--- START ---

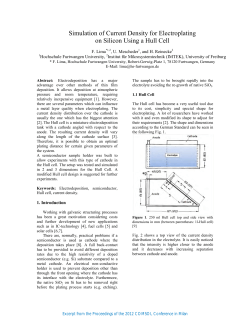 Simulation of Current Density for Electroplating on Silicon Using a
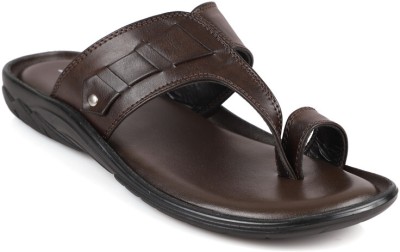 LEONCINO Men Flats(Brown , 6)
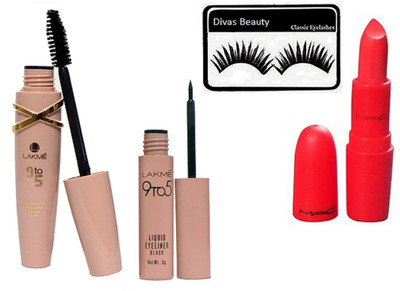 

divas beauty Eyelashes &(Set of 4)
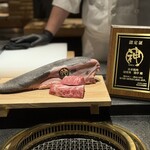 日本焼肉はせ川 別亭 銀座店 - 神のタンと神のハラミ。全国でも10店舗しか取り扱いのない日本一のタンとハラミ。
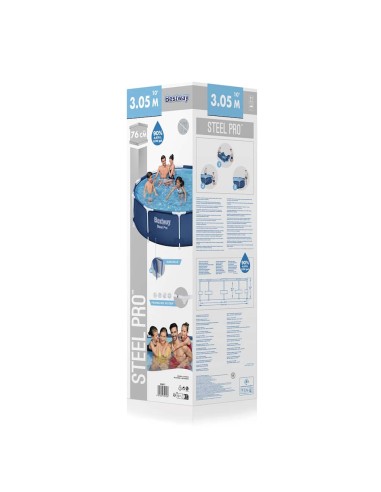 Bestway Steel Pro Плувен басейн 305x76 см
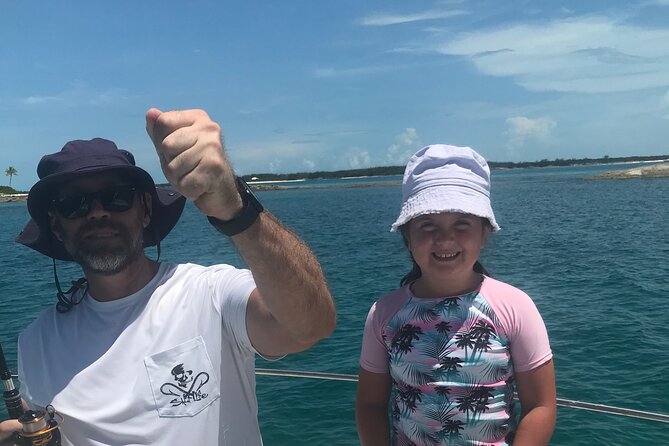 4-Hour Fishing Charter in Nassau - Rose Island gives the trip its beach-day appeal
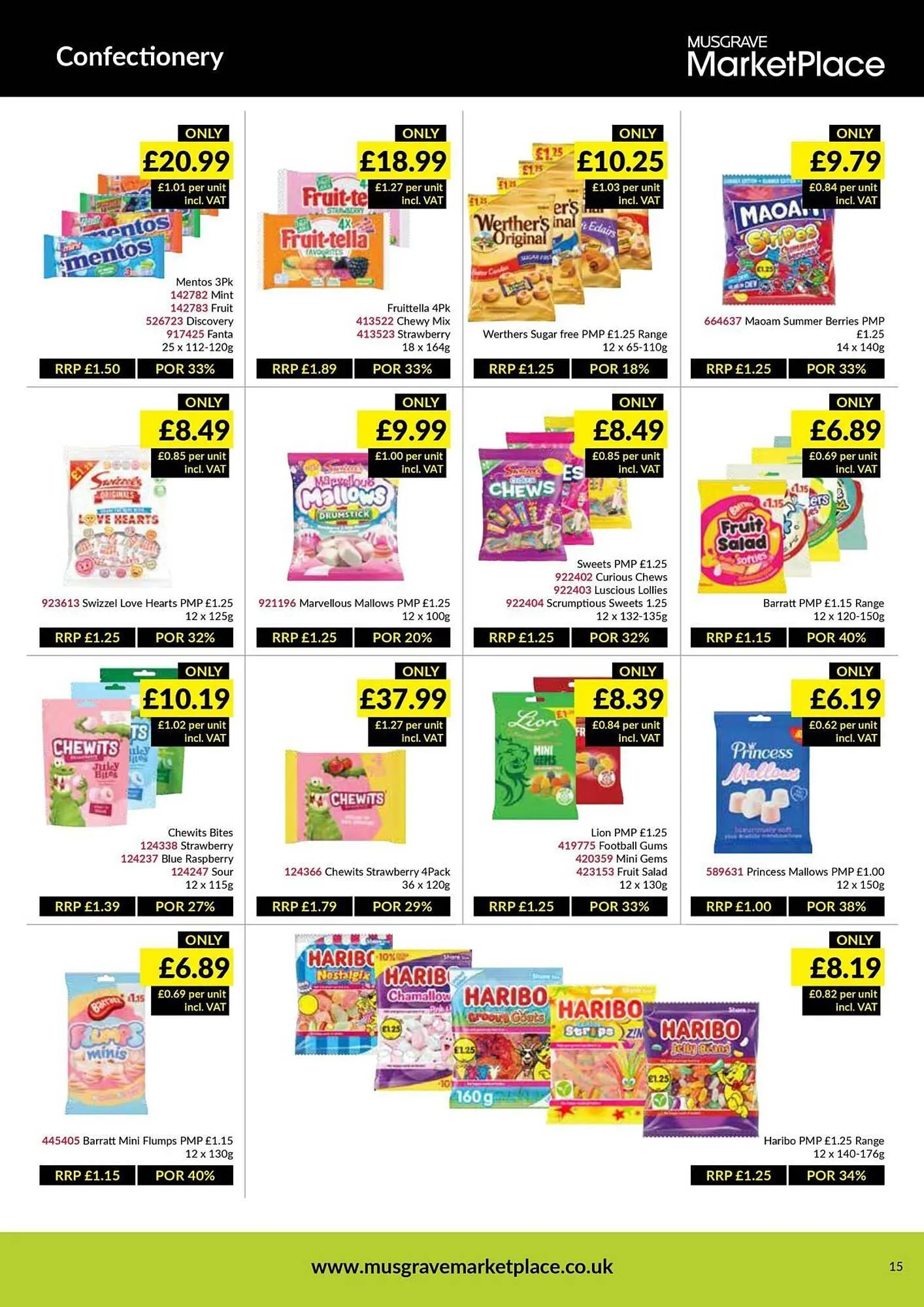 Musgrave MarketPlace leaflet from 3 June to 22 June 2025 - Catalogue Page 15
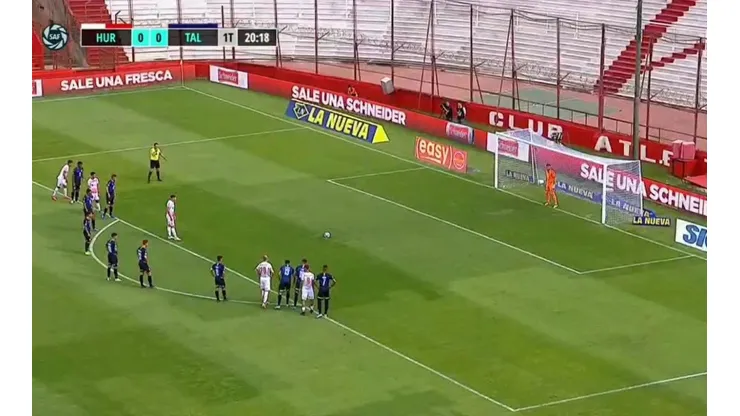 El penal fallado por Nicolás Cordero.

--- END ---

Aim of the task
Without including any picture, retype the entries exactly.

Solution for this exercise
 Simulation of Current Density for Electroplating on Silicon Using a
 LEONCINO Men Flats(Brown , 6)

divas beauty Eyelashes &(Set of 4)
 日本焼肉はせ川 別亭 銀座店 - 神のタンと神のハラミ。全国でも10店舗しか取り扱いのない日本一のタンとハラミ。
 Bestway Steel Pro Плувен басейн 305x76 см
 4-Hour Fishing Charter in Nassau - Rose Island gives the trip its beach-day appeal
 Musgrave MarketPlace leaflet from 3 June to 22 June 2025 - Catalogue Page 15
 El penal fallado por Nicolás Cordero.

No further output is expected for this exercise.